[EXERCISE INSTRUCTIONS]
Every entry below is to be copied exactly, apart from any picture it holds.
*** TASK DATA ***
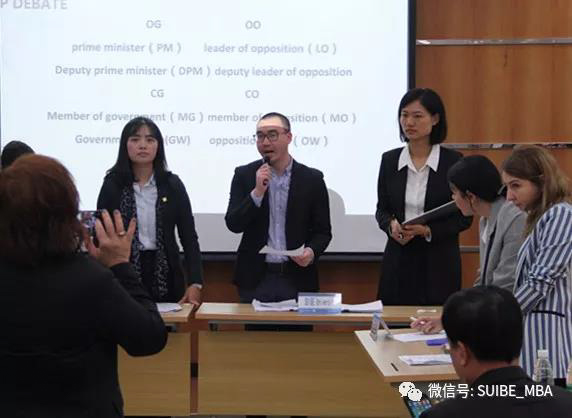 1574411123895021.jpg 20191122-微信圖片_20191122162241.JPG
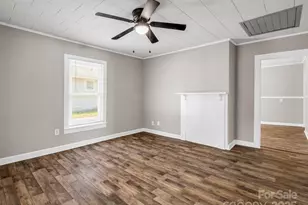 149 Wisconsin St, Spindale, NC 28160 - Photo 6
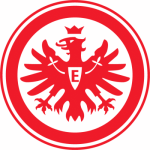 Eintracht Frankfurt - jerseymallpro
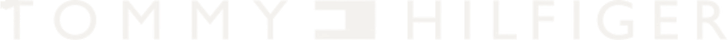 item 9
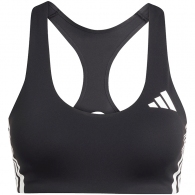 Bra sportive Adidas ADIZERO MS thumbnav 7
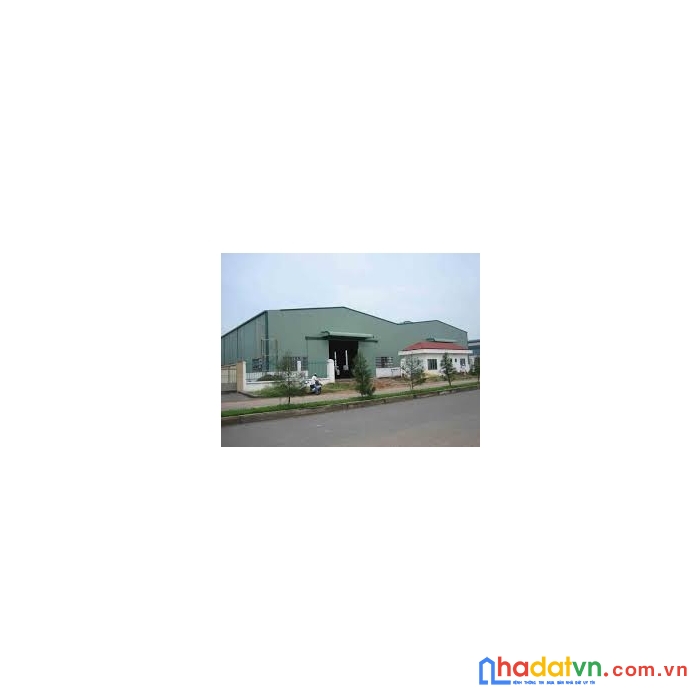 Bán kho đường an dương vương  (8x21) 1 lầu ,vị trí gần chợ phú lâm q6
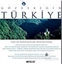 Gözbebeğim Türkiye
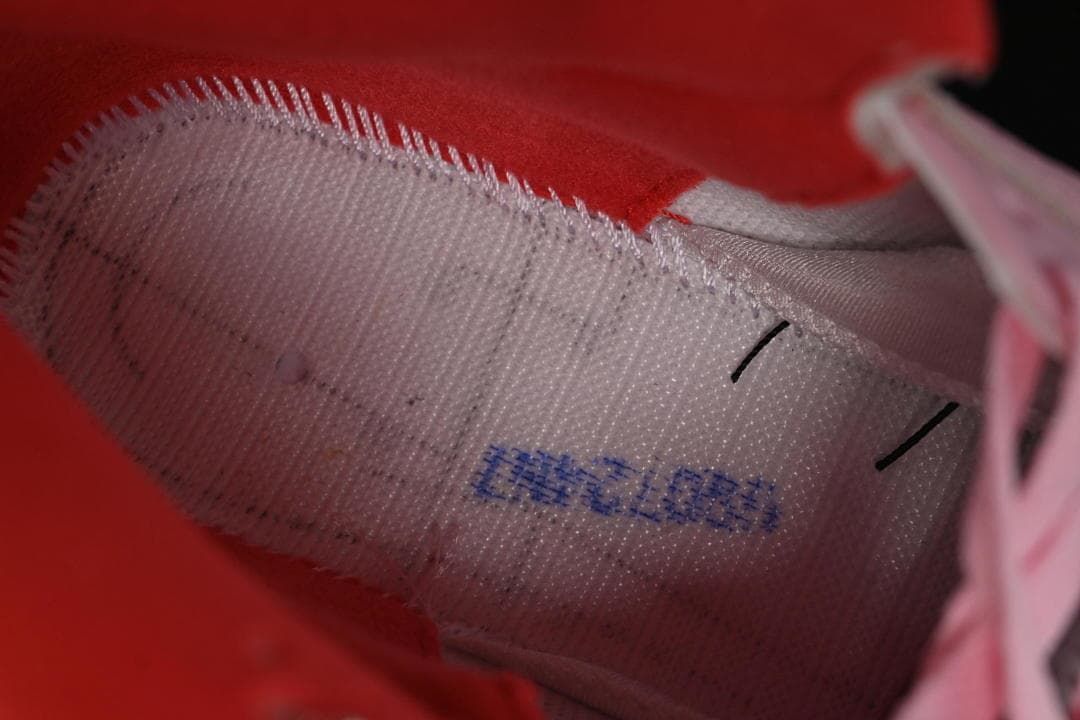 Awake NY x Air Jordan 5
***
[EXPECTED ANSWER]
 1574411123895021.jpg 20191122-微信圖片_20191122162241.JPG
 149 Wisconsin St, Spindale, NC 28160 - Photo 6
 Eintracht Frankfurt - jerseymallpro
 item 9
 Bra sportive Adidas ADIZERO MS thumbnav 7
 Bán kho đường an dương vương  (8x21) 1 lầu ,vị trí gần chợ phú lâm q6
 Gözbebeğim Türkiye
 Awake NY x Air Jordan 5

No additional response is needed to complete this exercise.